IL COLPO DI MANO CONTRO LA7
(da ‘Morire di democrazia’ di Sergio Romano – Longanesi, 2013 – pag. 106)
Questo potrebbe essere l’ultimo weekend di libertà per La7, la tv di Enrico Mentana, Lilli Gruber, Gad Lerner, Michele Santoro, Marco Travaglio e di tanti altri professionisti della televisione: come Serena Dandini, Corrado Formigli, Myrta Merlino, Tiziana Panella ed Enrico Vaime. E di conseguenza, anche per il pubblico dei suoi telespettatori.
Se lunedì prossimo il Consiglio di amministrazione di Telecom deciderà di svendere al peggior offerente Ti Media, la società che controlla l’emittente televisiva e le infrastrutture di trasmissione, farà un grosso regalo agli alleati occulti di Mediaset. La7 rischierà , allora, di diventare la quarta rete dell’impero del Biscione, oltre a Canale 5, Retequattro e Italia 1. O peggio ancora, di essere messa in liquidazione, smantellata, chiusa.
La fretta più che sospetta con cui è stata chiesta la convocazione d’urgenza del Cda, se l’amministratore delegato Franco Bernabè e la maggioranza dei consiglieri non riusciranno a respingere questo colpo di mano, induce a temere il peggio. E cioè che le “quinte colonne” di Telecom, tutte più o meno in conflitto di interessi, vogliano cedere l’intero “pacchetto” ai sodali berlusconiani. Magari anche a costo di arrecare un danno patrimoniale all’azienda, esponendosi così a un’eventuale azione di responsabilità .
Il tentativo è evidentemente quello di concludere tutto prima del voto di fine febbraio, per anticipare un responso elettorale e una svolta politica che potrebbero essere sfavorevoli al partito-azienda di Silvio Berlusconi.

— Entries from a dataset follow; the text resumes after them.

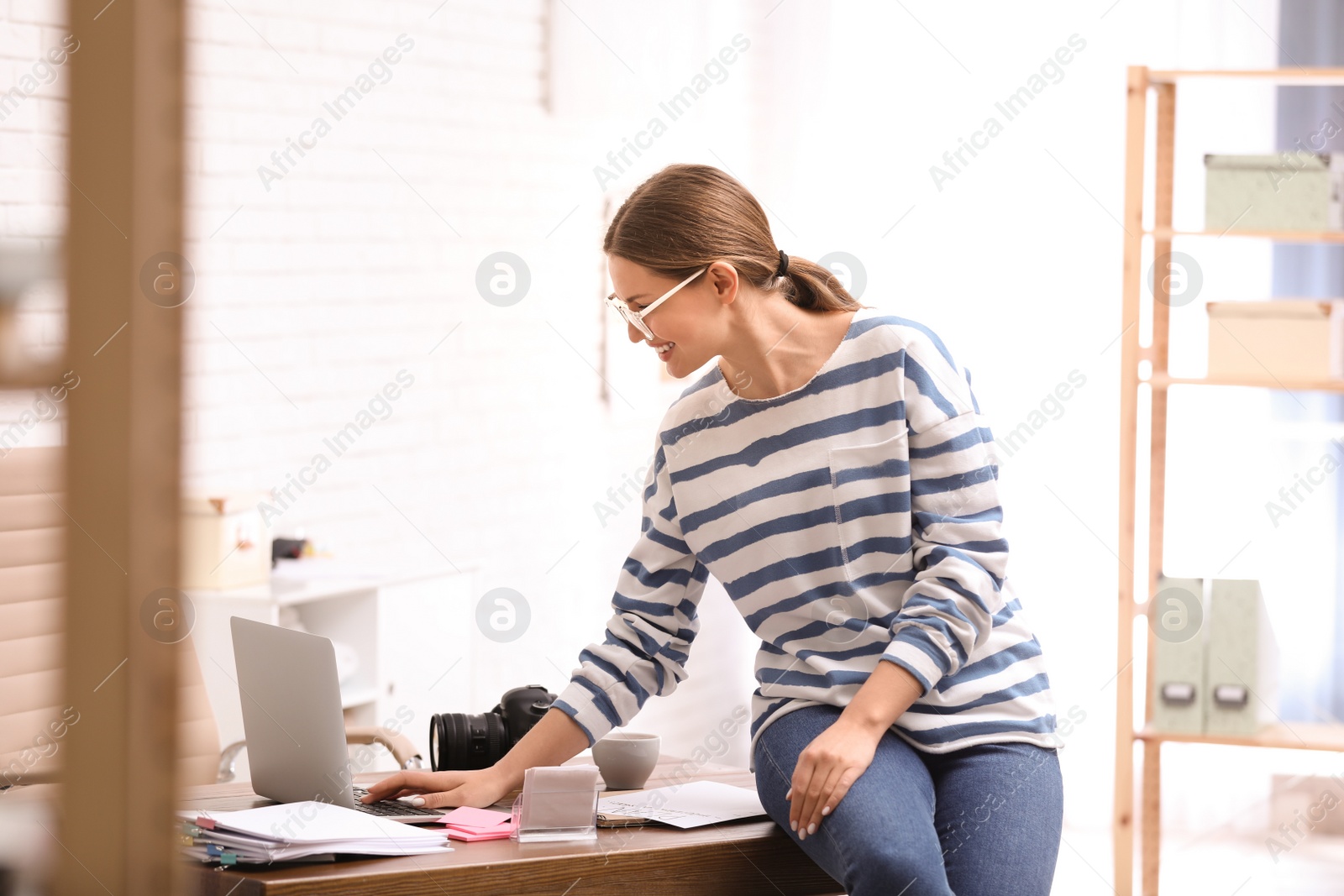 Photo of Young journalist working with laptop in light office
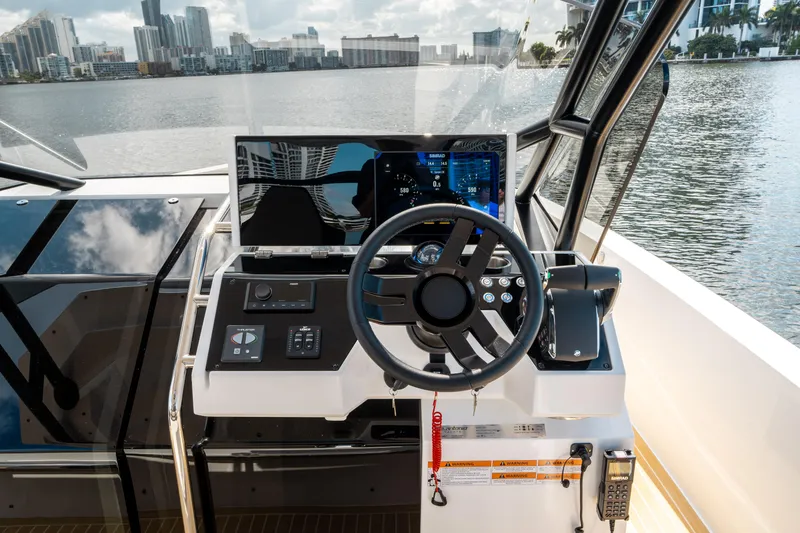 Slide: The Image of Helm of 2025 De Antonio Yachts D32 OPEN with city skyline in background. - 30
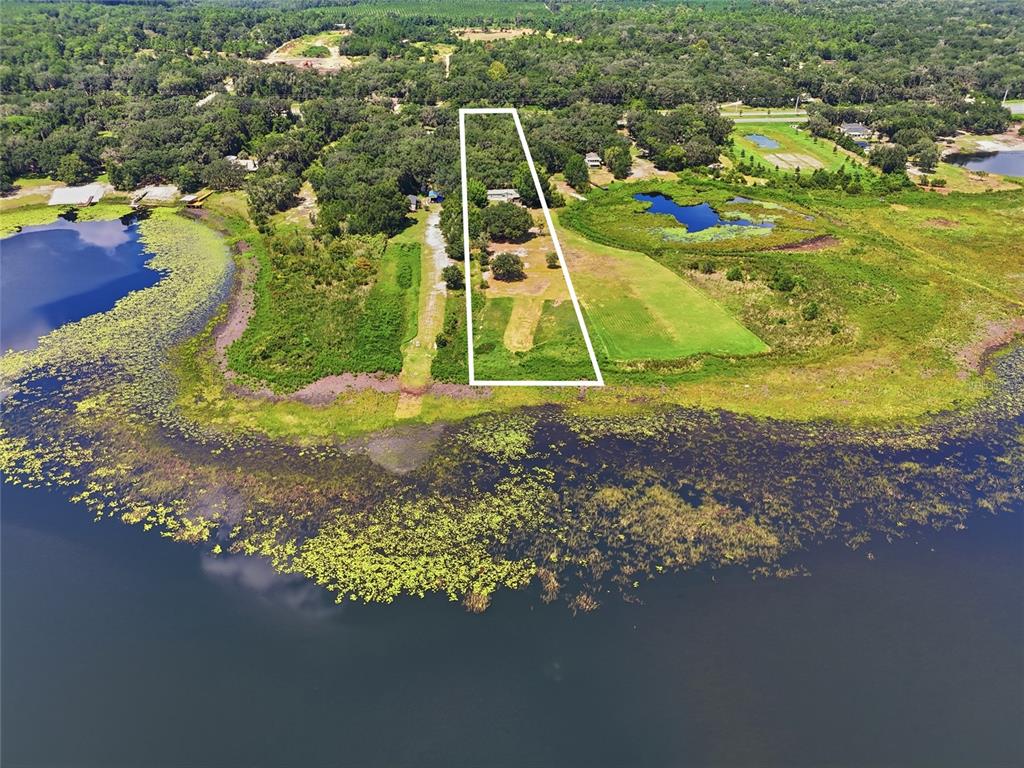 An aerial view shows a trapezoidal property lot bordering a large lake with vegetation — 1837 STATE ROAD 20, HAWTHORNE, FL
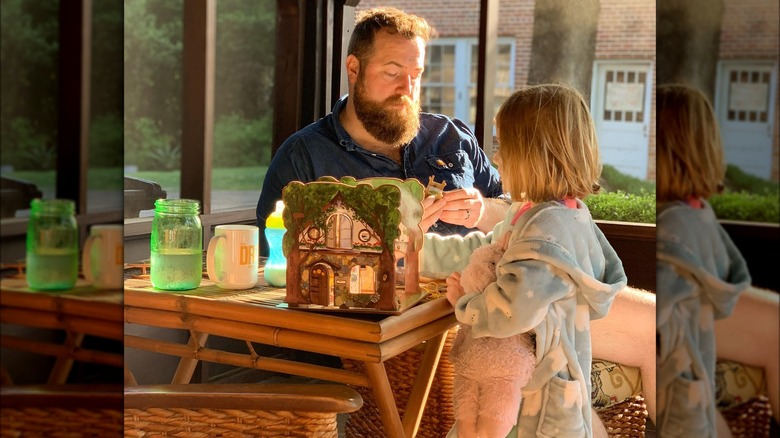 Ben Napier assembling a dollhouse with daughter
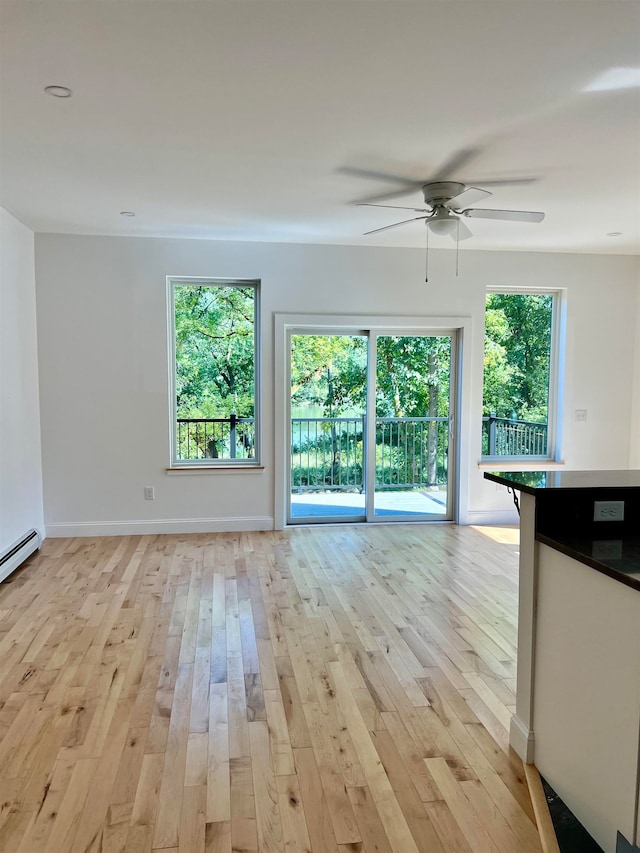 unfurnished living room with ceiling fan and light hardwood / wood-style floors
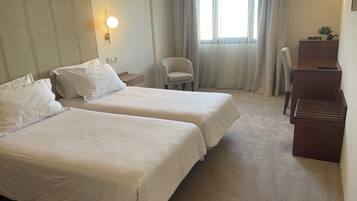 A hotel room with two beds, a desk, a chair, and a window with curtains.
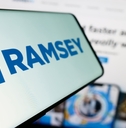 Ramsey Solutions Logo on Cellphone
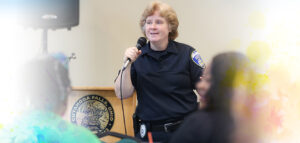 Akron Police Office Lauri Natko presenting in front of the an audience at the Home Visit Safety Training.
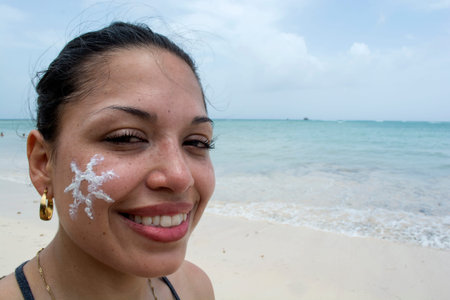 Beauty Girl Applying Sun Tan Cream on her Face.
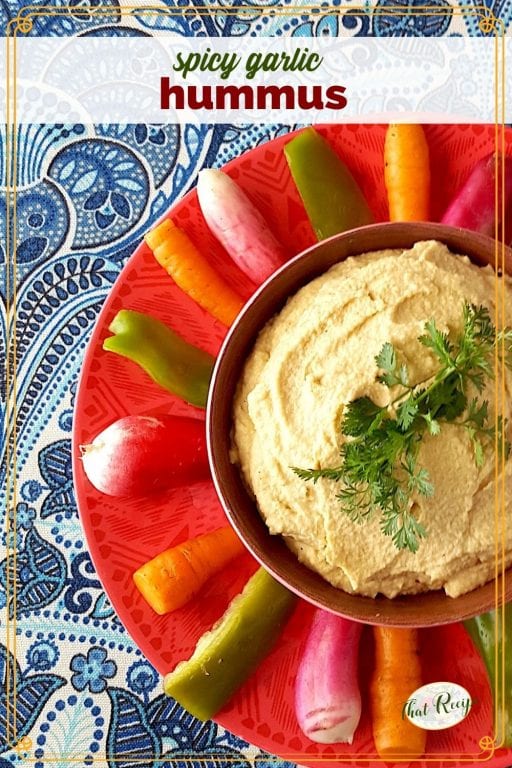 bowl of hummus with vegetables around it on a plate and text overlay "spicy garlic hummmus"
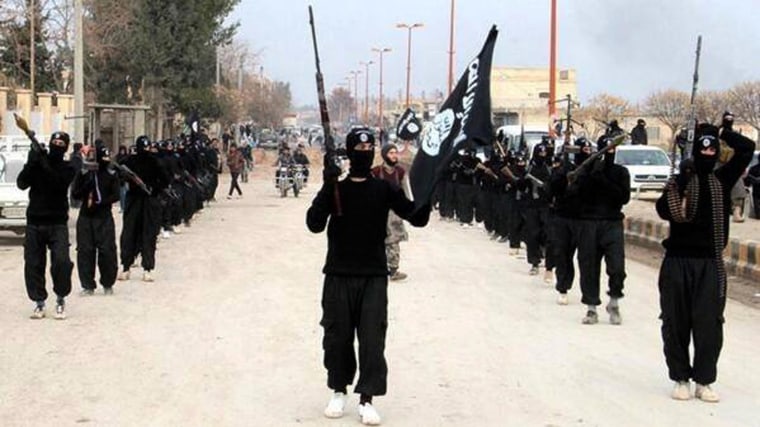 Image: ISIL fighters march in Raqqa, Syria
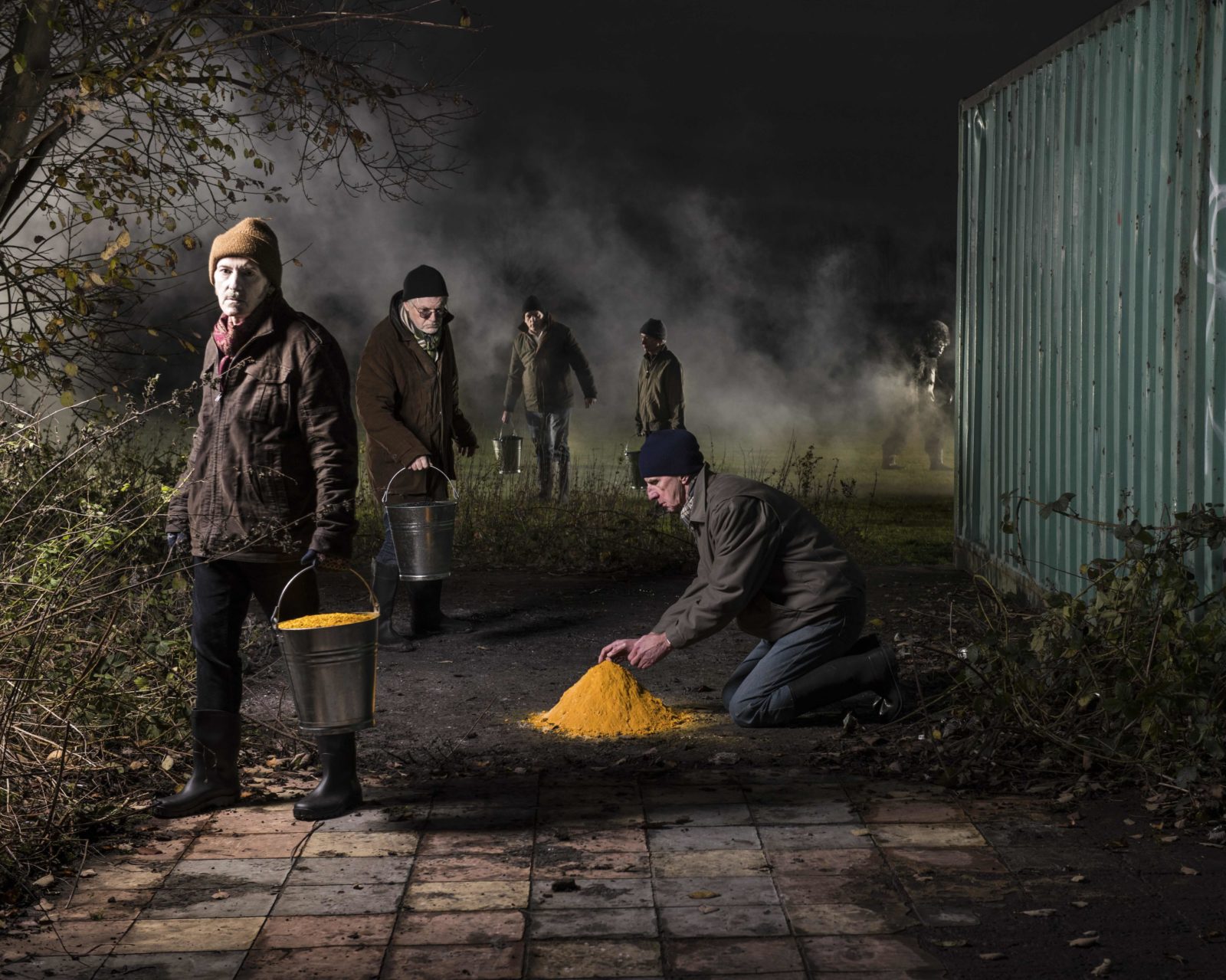 Five men dressed in winter coats and hats stand and kneel on patio slabs and a field. One tends to a pile of mustard coloured powder, the others carry metal buckets full of mustard coloured tablets, there is a gorilla and smoke in the background.
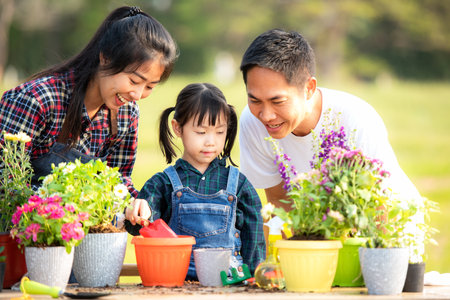 Family child girl helping parent care plant flower in garden. Young people mother, father and daughter gardening outdoor sunnyÂ  nature background. Happy and enjoyの写真素材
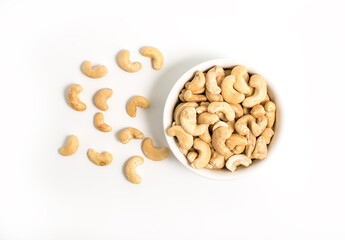 Raw Cashew nuts in a ceramic bowl isolated on a white background. Roasted cashew nuts - Top View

È assai improbabile, infatti, che nel prossimo Parlamento Mediaset possa ancora beneficiare dei favori, delle coperture e delle complicità , anche trasversali, di cui ha goduto finora. Tanto più che sulla necessità di abolire la famigerata legge Gasparri e varare una riforma televisiva convergono i programmi del centrosinistra, come ha ribadito anche ieri Pierluigi Bersani nel videoforum di Repubblica Tv; del Centro di Mario Monti e perfino del Movimento 5 Stelle. E, anzi, nella nuova legislatura potrebbe non essere questo l’unico terreno d’incontro con i “grillini”.
Vittima e simbolo del duopolio televisivo, costituito dalla Rai e da Mediaset, La7 rappresenta l’impossibilità di realizzare un “terzo polo” in grado di conquistarsi uno spazio nel sistema attuale. Non basta insomma fare una tv di qualità per sopravvivere nel mercato televisivo e pubblicitario italiano. Al più, si può riuscire a fare il “terzo incomodo”. E l’esempio di Sky, con un modello di business completamente diverso imperniato sugli abbonamenti più che sugli spot, lo conferma “al contrario”.
È dunque un approccio di sistema quello che occorre per affrontare la questione televisiva, al cui interno si colloca il caso La7. Il punto fondamentale è che l’emittente di Telecom non può finire nelle mani della congrega berlusconiana. Né può diventare uno sleeping competiror di Mediaset. O addirittura, venire soppressa per azzerare la concorrenza. Nella desertificazione culturale prodotta dalla tv commerciale, questa è comunque un’isola da tutelare e salvaguardare.
Non si fa fatica a riconoscere che una rete televisiva non appartiene al core business di una compagnia telefonica come Telecom che ha ben altri problemi da affrontare e risolvere. E perciò può essere opportuno venderla, senza tuttavia svendere a prezzi di favore i tre “multiplex” che comprendono le frequenze televisive ottenute in concessione per vent’anni dallo Stato e costituiscono perciò un cespite rilevante. È proprio questo il bene pubblico, la risorsa demaniale scarsa, da regolamentare in forza di un’efficace normativa anti-trust.
Con ciò si dimostra una volta di più il fallimento totale della legge Gasparri, imposta dal regime televisivo per difendere gli interessi dell’aziendapartito che fa capo tuttora al Cavaliere. Avevamo segnalato ripetutamente negli anni scorsi il pericolo di passare dal vecchio duopolio analogico a un nuovo duopolio digitale. E la vicenda di La7 certifica ora che l’allarme non era infondato.
Ora, alla vigilia delle elezioni, Telecom non può liquidare la sua rete televisiva prima di un riassetto dell’intero settore. Sarebbe un atto di sfida contro la futura maggioranza e il futuro governo, quali che siano. E ancor più, contro il pluralismo dell’informazione e la libera concorrenza.